Yes, this is the issue for me. While I can see in the logs and in Redis that missing Redis entry is fixed, I also wanted to test it in real life scenario, just to be sure. But I can't, it doesn't play. Even without any restarts. Edge doesn't want to connect to Origin at all.

I'm pretty sure it's a different issue. But I see a possibility that this new issue was created when fixing this one, so I'm not sure if I should post a new Github issue for this. I didn't have time to debug it and check different commits.

Are you testing with the latest version of both origin and edge? Or are you using a different version of edge?

For my testing I used docker.io/airensoft/ovenmediaengine:dev image, which resolved to docker.io/airensoft/ovenmediaengine@sha256:a2438890d695522a9c763d14c5fa57626199800e9afdae54ff8877ce4635fe88. Which, judging by the creation time, should correspond to this commit: https://github.com/AirenSoft/OvenMediaEngine/commit/900589b1db7e47d9235a04f9b4c0c82fd27875d1

I used this image for Origin server, to check this Redis issue. For Edge I tried using both this image and the 0.16.5 release. Both refused to work with the Origin from :dev.
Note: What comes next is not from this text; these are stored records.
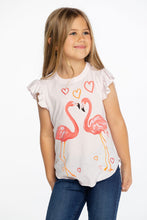 Load image into Gallery viewer, FLAMINGO LOVE TEE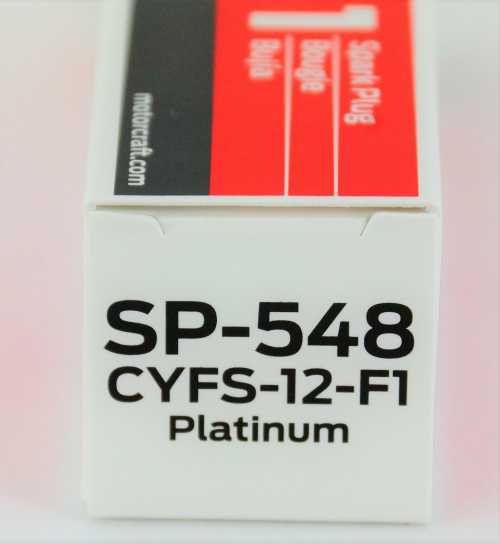 8x Genuine Motorcraft Platinum Spark Plug SP-548 CYFS-12F-1X - Image 3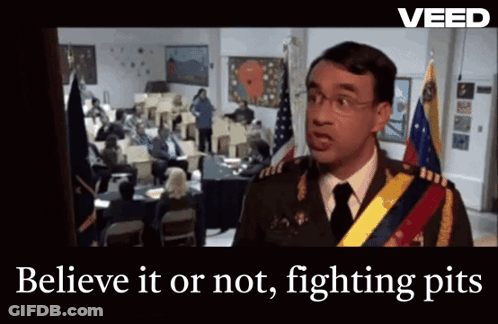 A Man In A Military Uniform Says " Believe It Or Not " GIF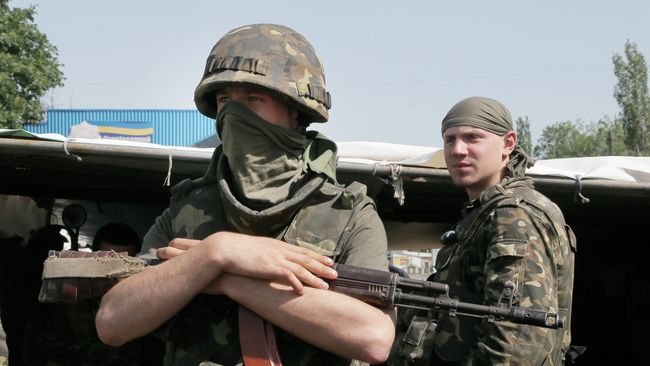 Бойцы Национальной гвардии Украины. Архивное фото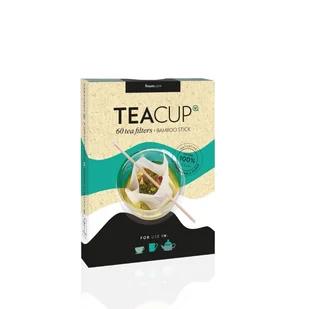 Filtry do herbaty Finum TeaCup 60 szt + bambusowy patyczek - Akcesoria i części do ekspresów do kawy - miniaturka - grafika 1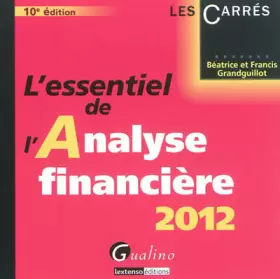 Couverture du produit · L'essentiel de l'analyse financière 2012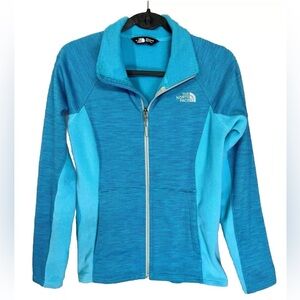 The North Face Jacket Women’s Medium Blue Castle Crag Full Zip Fleece Stretch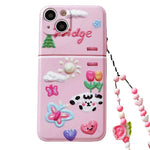 pink fridge iphone case boogzel apparel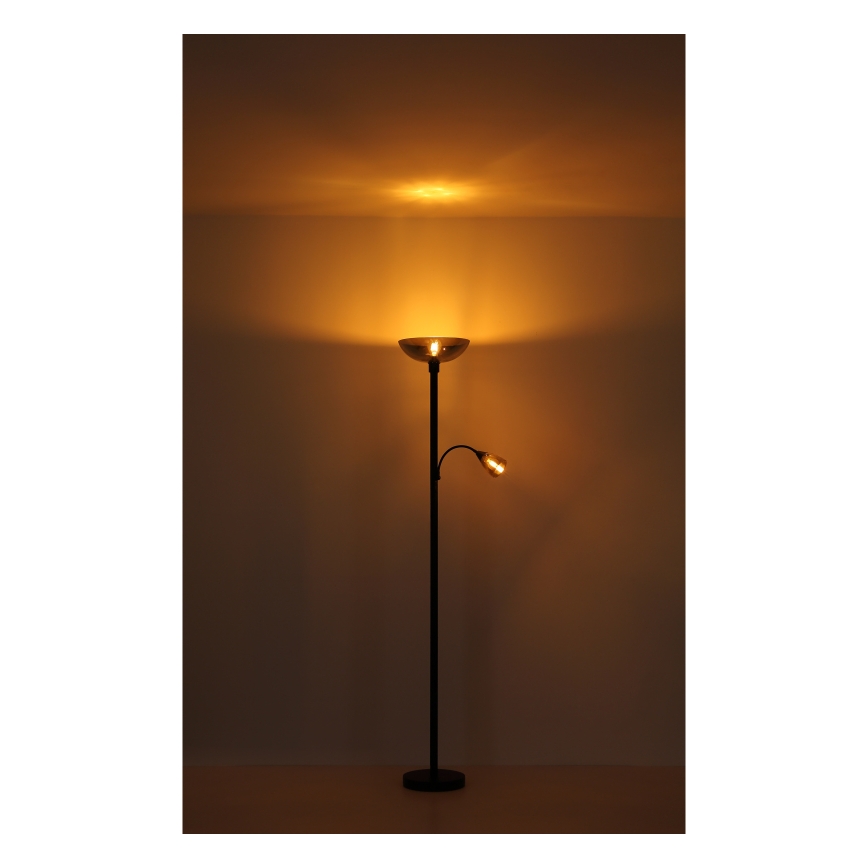 Globo - Stojacia lampa 1xE27/60W/230V + 1xE14/40W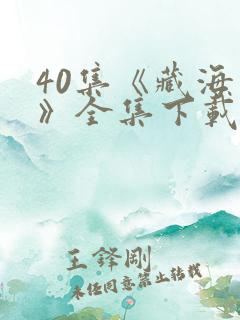 40集《藏海传》全集下载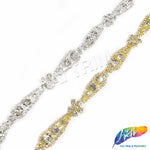 5/8" Flower Teardrop Rhinestone Trim, RT-007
d-uzlov commented 1 month ago

I sorry to say that I can't reproduce it right now, even when using these tags and the same config. It must be that something in my environment changed. Which makes it even stranger that when I tested this a few days ago only the new version of OME had issues.

Sorry for bothering you.

getroot commented 1 month ago

If the origin server dies abnormally, the ovt address will still remain in redis. After 10 seconds, this information will be deleted from redis, and the new origin will be able to register its ovt address in redis. My guess is that the problem may occur when the edge tries to connect to the dead origin server while the information is still remaining in redis after the first origin dies. Of course, this is my guess.